Roxadustat, an oral hypoxia-inducible factor prolyl hydroxylase inhibitor, promotes erythropoiesis and increases bioavailability of iron. In phase 3 studies, roxadustat-treated patients achieved and maintained hemoglobin (Hb) values of 11±1 g/dL. We examined associations between achieved Hb levels and cardiovascular outcomes in patients with anemia of dialysis-dependent (DD) chronic kidney disease (CKD).

Methods

We analyzed pooled data from 3 pivotal, phase 3 studies of roxadustat-treated patients with anemia of DD-CKD. Incidence rates of adjudicated MACE (all-cause mortality, MI, and stroke) and MACE+ (MACE plus heart failure or unstable angina requiring hospitalization) were evaluated based on 1) Hb level immediately before the event and 2) maximum Hb level in the first 12 treatment weeks.

Results

Overall, 1943 patients were randomized to roxadustat.
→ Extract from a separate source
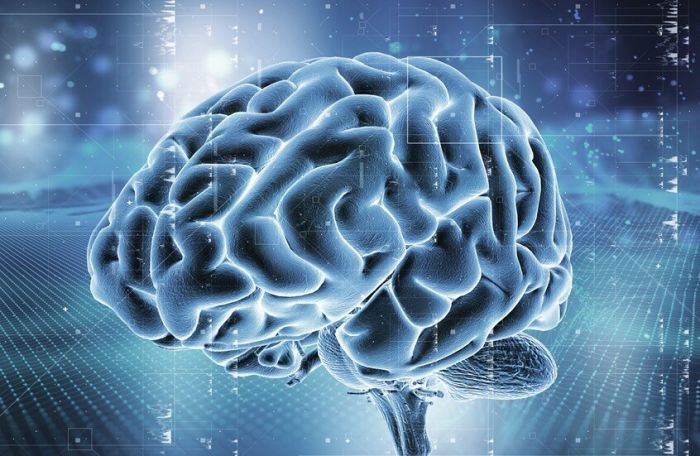 ممارسة الرياضة وبيئة محفزة تحمي الدماغ من الاكتئاب: اكتشاف بروتين Fgf2 كمؤشر حيوي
The mean (SD) baseline Hb was 9.63 (1.3) g/dL; from weeks 28-52, it was 10.85 (0.82) g/dL. The MACE and MACE+ rates were highest when Hb was < 8 g/dL decreasing as Hb increased to 11-12 g/dL and ≥12 g/dL (Table).

Conclusion

In the DD-CKD population, roxadustat corrected anemia and maintained Hb to 11±1 g/dL during weeks 28-52. MACE and MACE+ incidence rates were lowest when achieved Hb levels were ≥11g/dL.